:: What is needed ::
From the entries below, write out exactly the lines between the line holding "Viking 980459 Universaletiketten" and the line holding "WSH Straw-Style Embellished Tote Bag HTTT", inclusive, excluding any pictures.
Segment Start: Entries shown
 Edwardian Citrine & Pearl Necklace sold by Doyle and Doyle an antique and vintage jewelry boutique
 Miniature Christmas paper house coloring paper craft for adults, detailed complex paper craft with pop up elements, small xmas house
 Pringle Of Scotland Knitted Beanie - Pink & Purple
Segment End: Entries shown
Segment Start: Entries shown
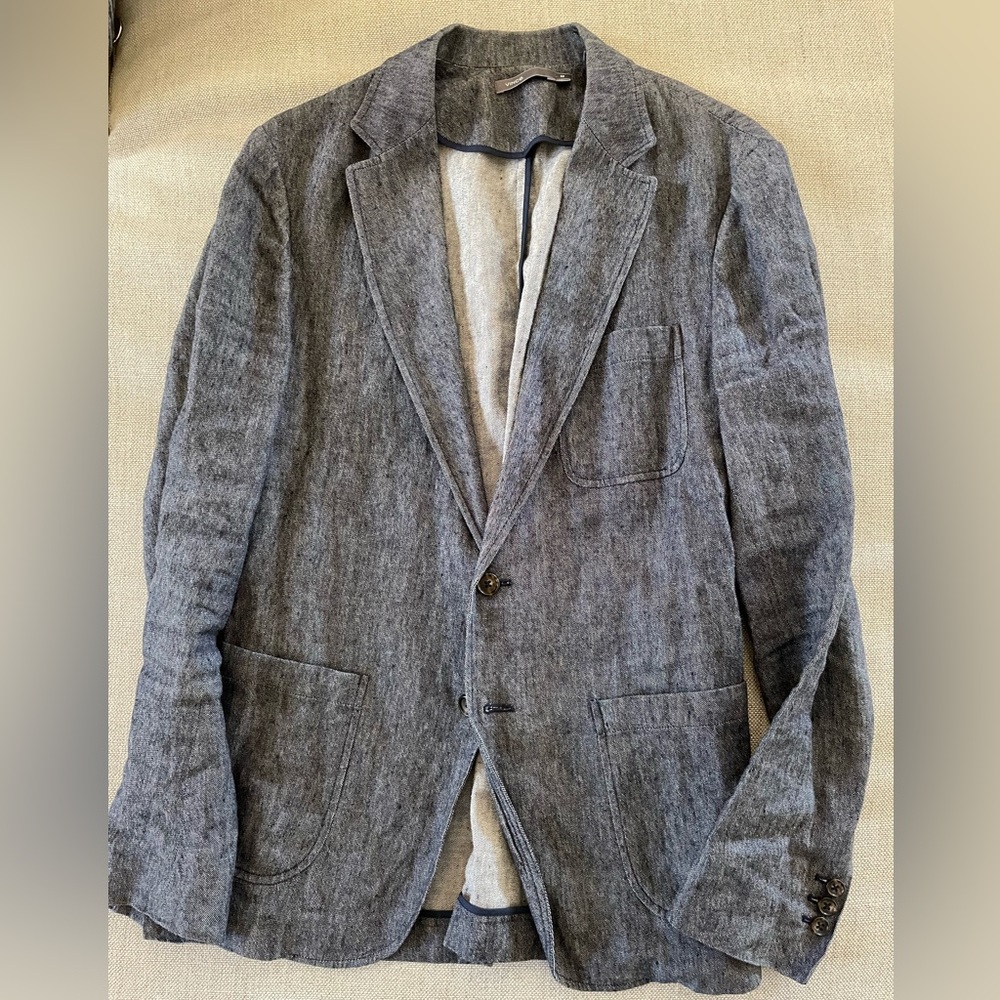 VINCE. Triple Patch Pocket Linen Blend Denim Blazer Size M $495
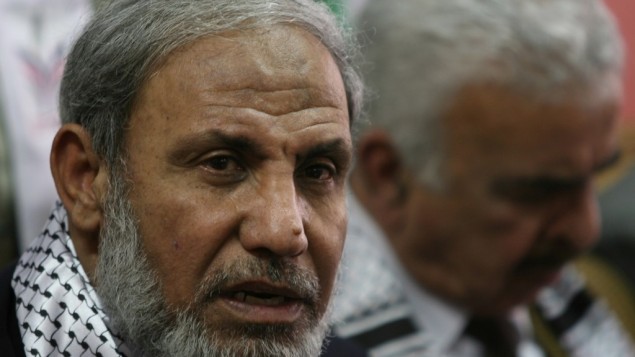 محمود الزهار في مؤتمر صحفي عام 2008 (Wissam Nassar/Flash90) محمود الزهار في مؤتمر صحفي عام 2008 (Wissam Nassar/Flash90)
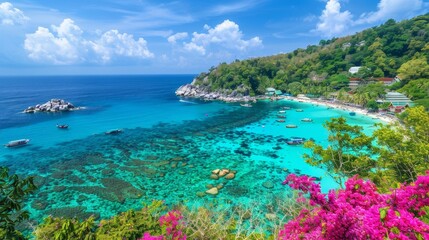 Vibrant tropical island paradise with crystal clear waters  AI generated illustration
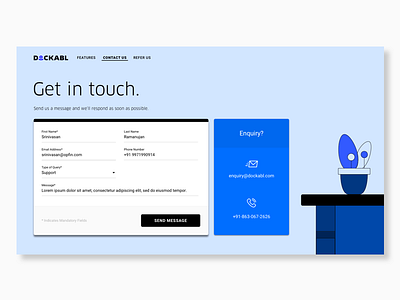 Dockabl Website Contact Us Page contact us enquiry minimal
Segment End: Entries shown
Segment Start: Entries shown
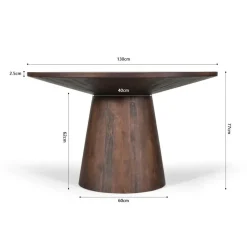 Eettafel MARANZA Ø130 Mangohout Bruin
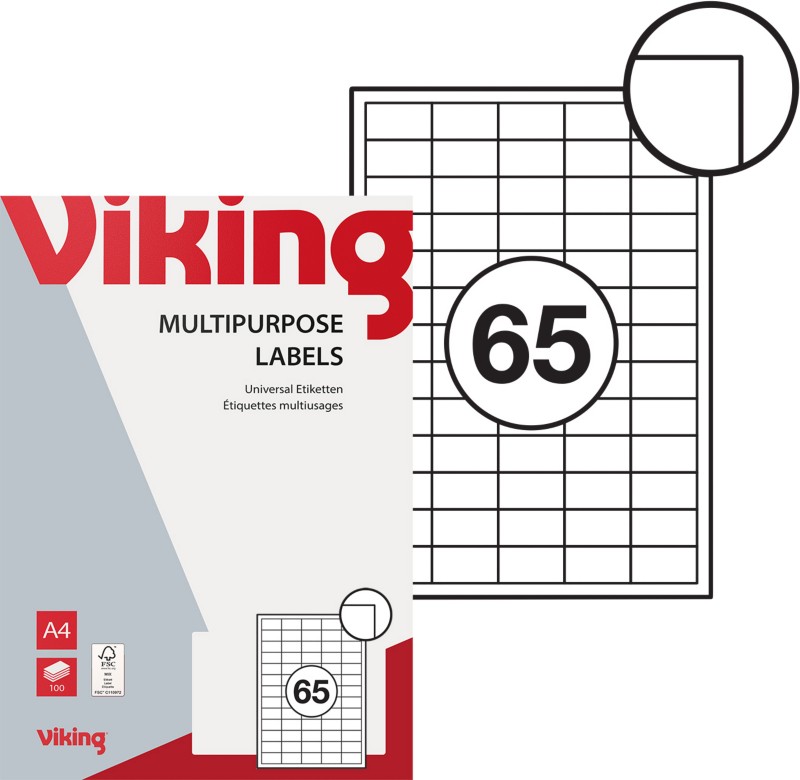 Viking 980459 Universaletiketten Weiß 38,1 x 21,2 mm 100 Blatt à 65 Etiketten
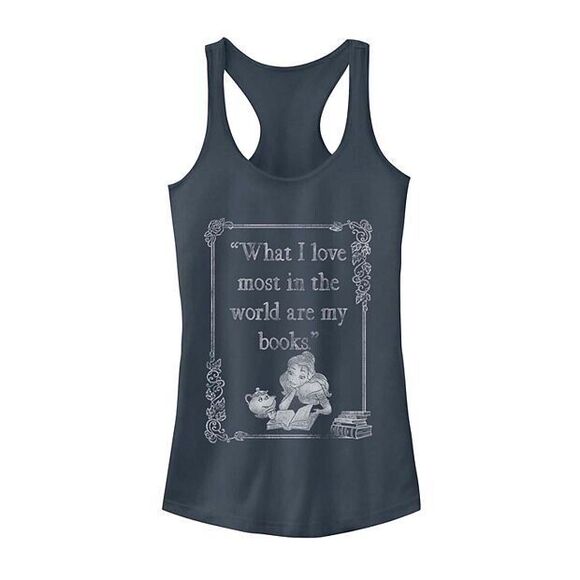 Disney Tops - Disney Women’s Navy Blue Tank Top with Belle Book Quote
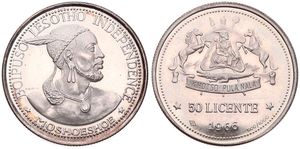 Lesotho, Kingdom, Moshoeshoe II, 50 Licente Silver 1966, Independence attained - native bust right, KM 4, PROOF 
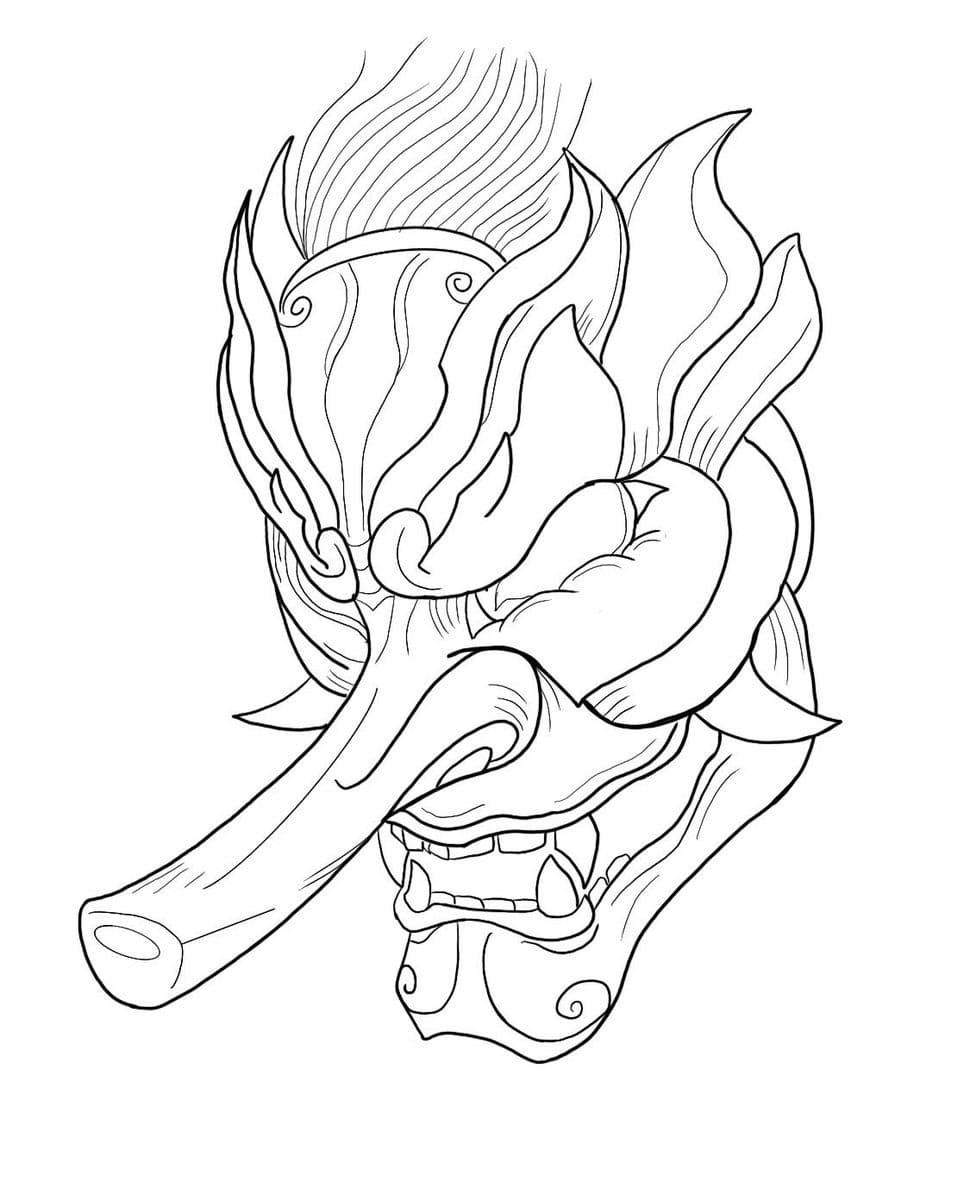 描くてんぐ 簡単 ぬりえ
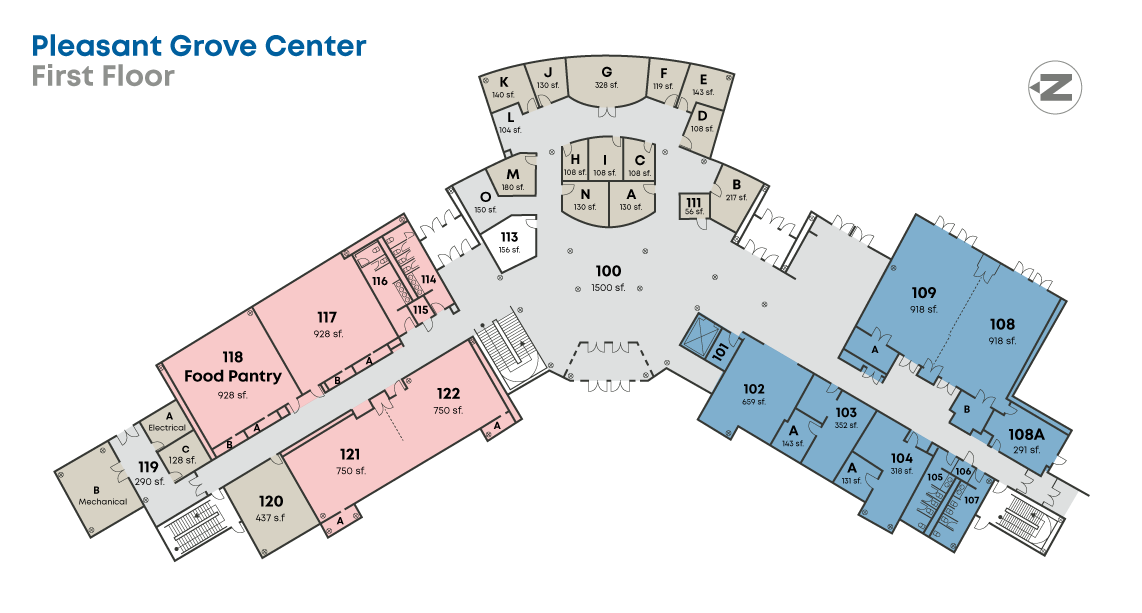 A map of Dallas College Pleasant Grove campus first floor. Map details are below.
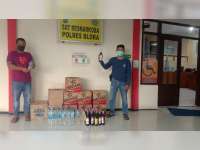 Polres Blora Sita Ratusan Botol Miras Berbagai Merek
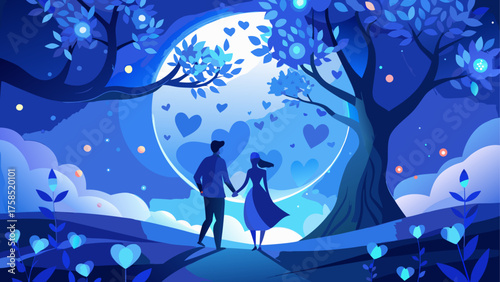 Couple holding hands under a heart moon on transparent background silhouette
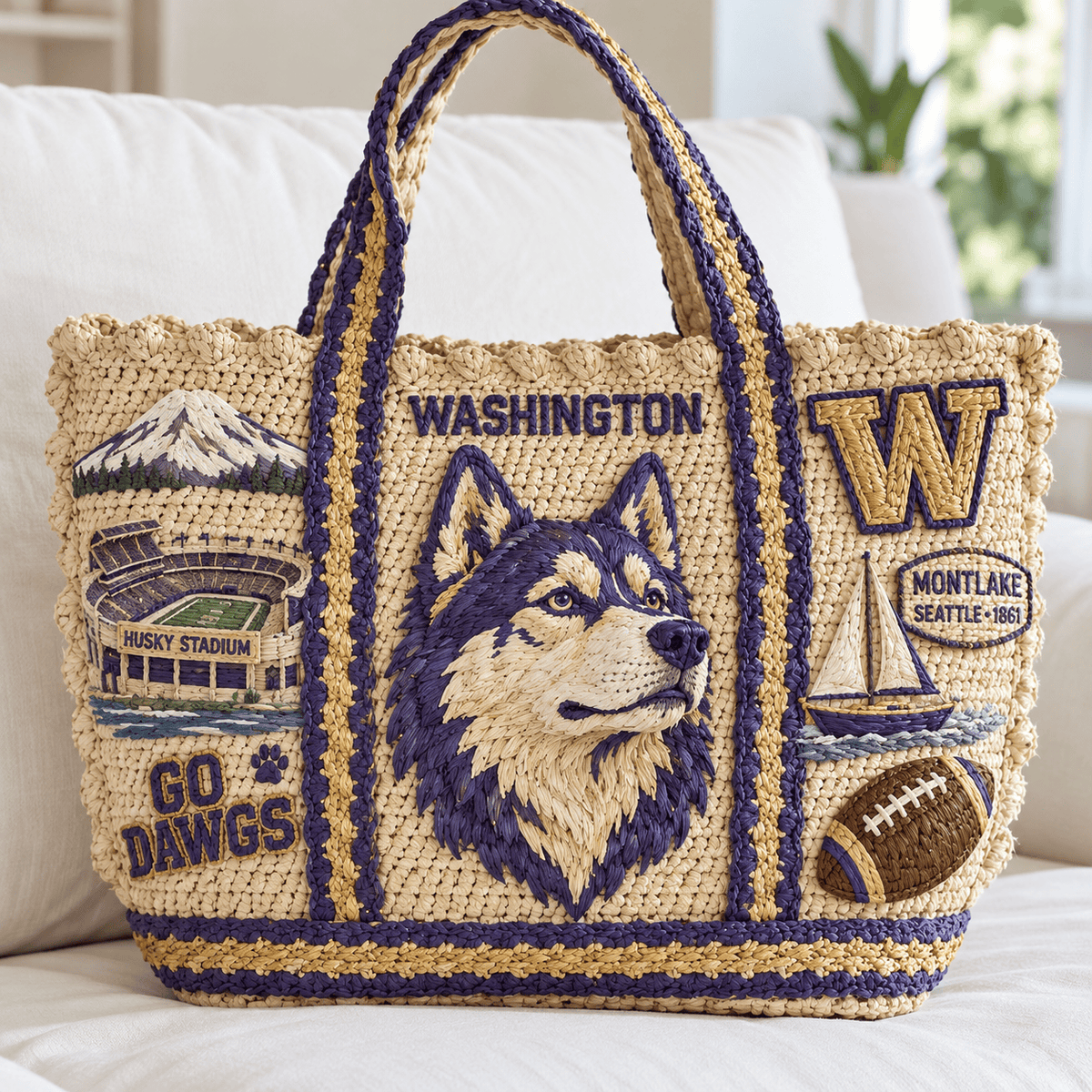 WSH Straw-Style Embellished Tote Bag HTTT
Segment End: Entries shown
:: Answer for this exercise ::
 Viking 980459 Universaletiketten Weiß 38,1 x 21,2 mm 100 Blatt à 65 Etiketten
 Disney Tops - Disney Women’s Navy Blue Tank Top with Belle Book Quote
 Lesotho, Kingdom, Moshoeshoe II, 50 Licente Silver 1966, Independence attained - native bust right, KM 4, PROOF 
 描くてんぐ 簡単 ぬりえ
 A map of Dallas College Pleasant Grove campus first floor. Map details are below.
 Polres Blora Sita Ratusan Botol Miras Berbagai Merek
 Couple holding hands under a heart moon on transparent background silhouette
 WSH Straw-Style Embellished Tote Bag HTTT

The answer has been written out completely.